李晔起身,走到窗边,推开一条缝。只见春娥缩在墙角阴影里,脸色冻得发青,手里紧紧攥着什么东西。
“进来。”
春娥闪身入内,扑通跪下,从怀里掏出一块叠得整齐的布帕,双手奉上:“陛下,东西……送到了。这是张……张承业让奴婢带回的。”
李晔接过布帕,打开。里面是一枚铜钱,开元通宝,边缘磨损得厉害。铜钱下,压着一张小纸条,上面用炭笔写着一行歪歪扭扭的字:
“三年前,御花园,救我者,陛下也。今陛下若有差遣,万死不辞。”
李晔看着那枚铜钱,和那行字,久久不语。
三年前,原主李晔还是寿王,一次在御花园游玩,偶然撞见几个大宦官在欺辱一个小黄门,将他的头按进池塘。原主一时不忍,出声喝止,救下了那个小黄门。事后也没放在心上,甚至不记得那人的模样。
没想到,就是张承业。
更没想到,三年过去,这个当时不过十三四岁的小宦官,还记得这份恩情,并且……愿意以命相报。

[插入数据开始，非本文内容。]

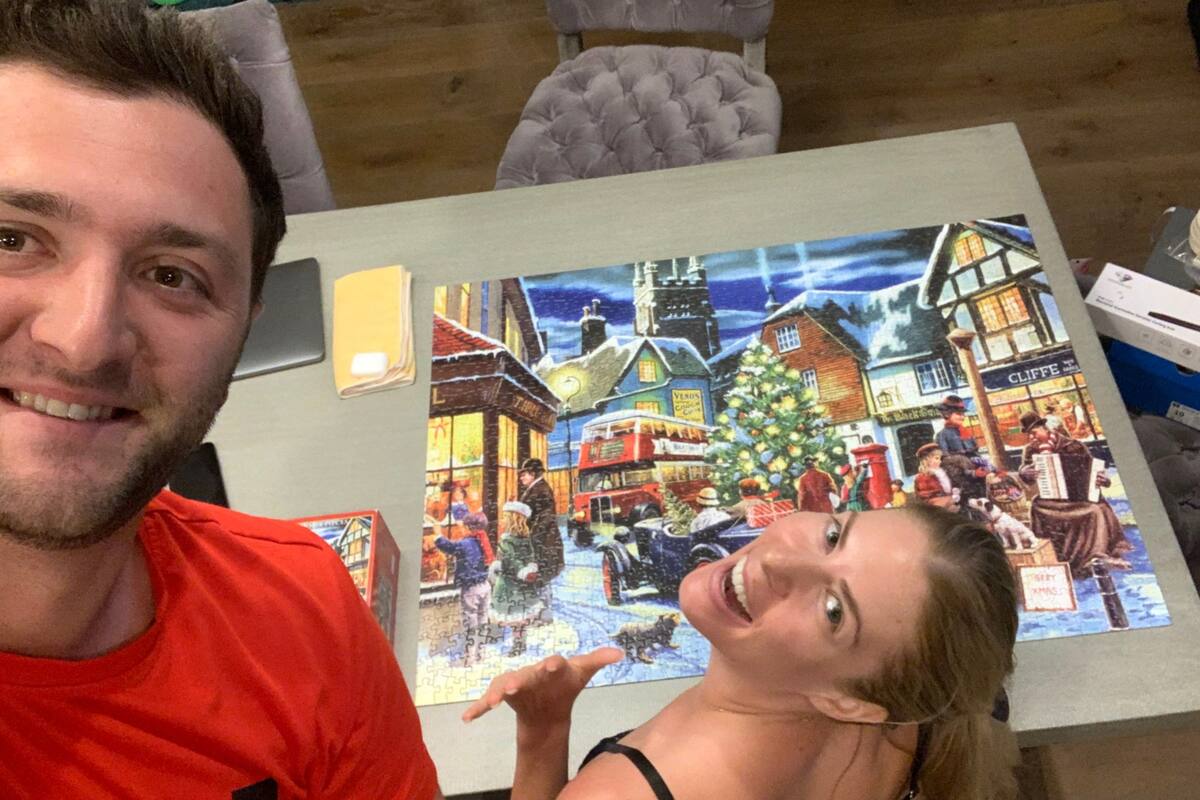 Jon Rahm con su mujer y un entretenimiento para pasar el tiempo durante el coronavirus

在这深宫之中,这或许是第一份,也是唯一一份,不掺杂利益的忠诚。
“他还说了什么?”李晔将铜钱握在手心,冰冷的金属硌着皮肤。
“他说……他说他知道陛下如今处境艰难,宦官当道,外藩跋扈。他在少阳院洒扫,平日里能听到一些闲言碎语。若陛下不弃,他愿为陛下耳目。”春娥声音发颤,却努力说清楚,“他还说,他知道几个对杨中尉……不满的小黄门,或许可用。”
李晔闭上眼,深吸一口气。
绝境中的第一缕光,来了。
“春娥,”他睁开眼,看着眼前这个瑟瑟发抖的小宫女,“你做得很好。从今日起,你去尚服局,找一位叫何芳的女官,就说朕让你去帮忙打理旧衣。她会安排你。”

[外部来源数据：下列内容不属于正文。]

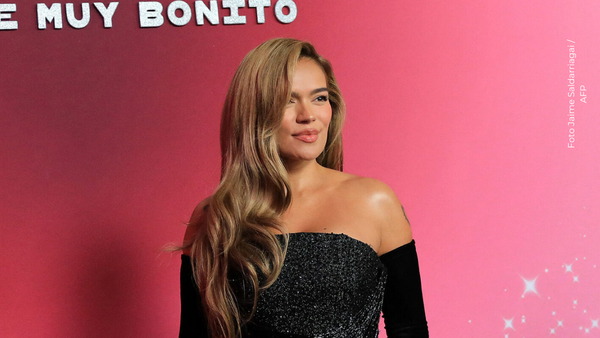 Karol G enseña viral coreografía para bailar la canción 'Tropicoqueta'| VIDEO Karol G enseña viral coreografía para bailar la canción 'Tropicoqueta'| VIDEO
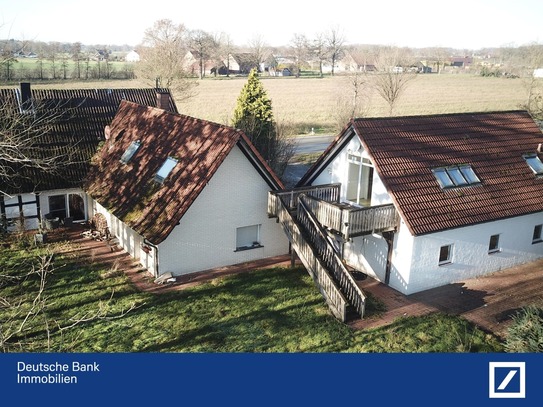 Ländlich gelegenes Anwesen mit Anliegerwohnung auf großem Grundstück!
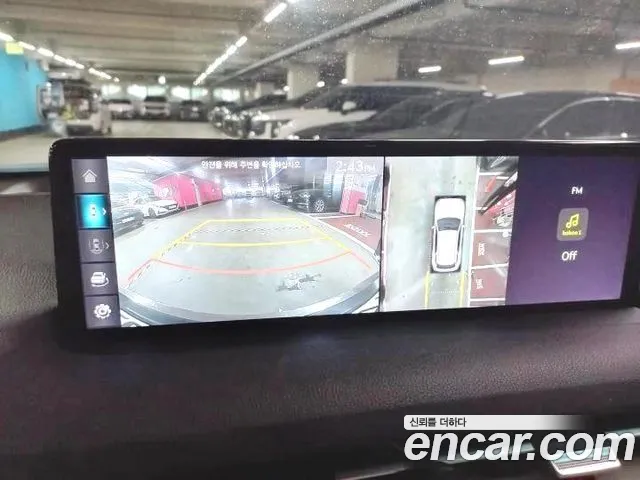 Genesis GV70 2.5T Бензин 2WD — Фото автомобиля 13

何芳,是他在记忆里找到的另一个名字。原主生母的旧宫人,因性子直,不得宠,被打发到尚服局,但据说为人正直,且对原主母子有旧情。
“谢陛下!谢陛下!”春娥连连磕头。
“还有,”李晔从案上拿起一支玉笔,递给春娥,“把这个带给张承业。告诉他,朕要他做一件事——”
他压低声音,说了几句话。
春娥认真听着,重重点头,将玉笔小心藏进怀里,又悄无声息地退了出去,消失在夜色中。
李晔重新坐回案前,看着跳动的烛火。
他让张承业做的第一件事很简单:留心所有进出少阳院的宦官宫女,记住他们的面孔、职司,以及……他们私下里说了什么。

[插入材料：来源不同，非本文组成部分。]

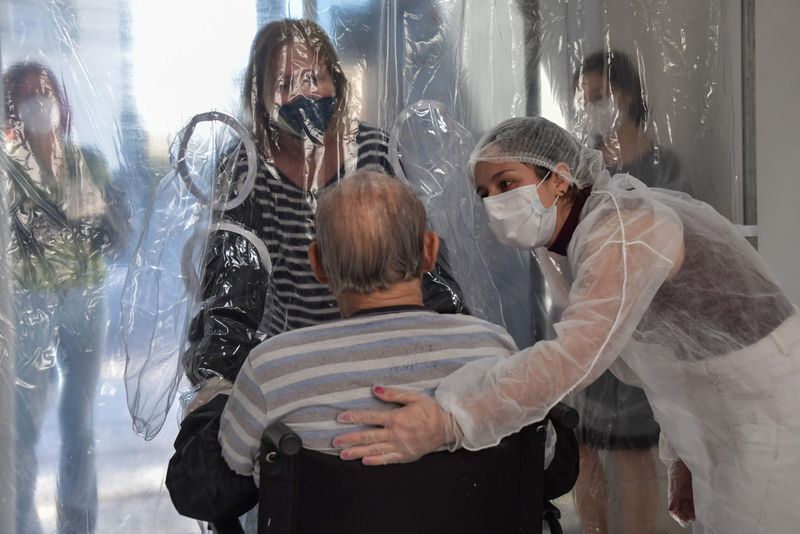 FOTO/ Momentet prekëse, mënyrë e veçantë përqafimi në kohë koronavirusi në Brazil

情报。他需要情报。在这深宫里,他就是聋子、瞎子。杨复恭想让他知道什么,他才能知道什么。这不行。
张承业是他布下的第一颗暗子。而何芳,是第二颗。
他要编织一张网,一张属于自己的、小小的网。
第三节棋子与棋手
三日后,含元殿大朝。
李晔正式受百官朝贺,即皇帝位,改元“龙纪”。
典礼隆重而沉闷。杨复恭全程站在御座旁,神色平静,仿佛前几日的风波从未发生。但李晔能感觉到,那双老辣的眼睛,始终在观察着自己。
朝会上,宰相杜让能出列,奏请为几位拥立有功的宦官、藩镇加封。
“凤翔节度使李茂贞,加检校太尉、同平章事,使相之衔。”杜让能念着长长的封赏名单。
使相,即节度使加同平章事衔,虽不实际理政,却是极高的荣誉。这是对李茂贞的安抚,也是朝廷的惯例——打一巴掌,给个甜枣。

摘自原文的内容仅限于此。